▶ [Exercise details]: If a line in the entries below contains "bone", copy it.

▶ [Records shown]:
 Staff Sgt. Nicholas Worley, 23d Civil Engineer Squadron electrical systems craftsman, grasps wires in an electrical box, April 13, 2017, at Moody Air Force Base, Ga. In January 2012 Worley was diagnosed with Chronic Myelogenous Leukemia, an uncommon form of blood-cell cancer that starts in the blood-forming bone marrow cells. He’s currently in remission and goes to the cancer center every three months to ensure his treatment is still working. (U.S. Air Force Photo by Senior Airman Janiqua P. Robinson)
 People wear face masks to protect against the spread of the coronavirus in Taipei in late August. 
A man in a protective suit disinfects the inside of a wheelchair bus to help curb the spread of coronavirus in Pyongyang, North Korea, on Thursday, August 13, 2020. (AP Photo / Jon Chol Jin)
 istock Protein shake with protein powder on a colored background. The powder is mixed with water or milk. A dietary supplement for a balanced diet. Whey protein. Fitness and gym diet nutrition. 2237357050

* * *

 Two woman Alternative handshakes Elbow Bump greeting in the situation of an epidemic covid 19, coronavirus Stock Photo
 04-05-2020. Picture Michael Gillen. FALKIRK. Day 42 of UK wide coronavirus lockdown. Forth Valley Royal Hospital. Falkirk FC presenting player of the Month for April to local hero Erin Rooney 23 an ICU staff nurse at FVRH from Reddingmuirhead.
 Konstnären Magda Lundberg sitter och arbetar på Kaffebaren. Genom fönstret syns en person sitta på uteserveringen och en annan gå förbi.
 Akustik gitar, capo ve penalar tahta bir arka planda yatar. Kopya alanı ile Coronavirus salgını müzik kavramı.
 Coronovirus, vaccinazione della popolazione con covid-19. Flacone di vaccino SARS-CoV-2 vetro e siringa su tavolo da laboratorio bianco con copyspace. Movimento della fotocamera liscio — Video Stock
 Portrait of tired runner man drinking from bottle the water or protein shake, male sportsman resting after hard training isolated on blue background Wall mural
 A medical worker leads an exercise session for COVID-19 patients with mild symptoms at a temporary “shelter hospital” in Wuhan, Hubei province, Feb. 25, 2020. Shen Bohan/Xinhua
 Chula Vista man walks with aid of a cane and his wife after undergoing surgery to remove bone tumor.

▶ [Reply]:
 Staff Sgt. Nicholas Worley, 23d Civil Engineer Squadron electrical systems craftsman, grasps wires in an electrical box, April 13, 2017, at Moody Air Force Base, Ga. In January 2012 Worley was diagnosed with Chronic Myelogenous Leukemia, an uncommon form of blood-cell cancer that starts in the blood-forming bone marrow cells. He’s currently in remission and goes to the cancer center every three months to ensure his treatment is still working. (U.S. Air Force Photo by Senior Airman Janiqua P. Robinson)
 Chula Vista man walks with aid of a cane and his wife after undergoing surgery to remove bone tumor.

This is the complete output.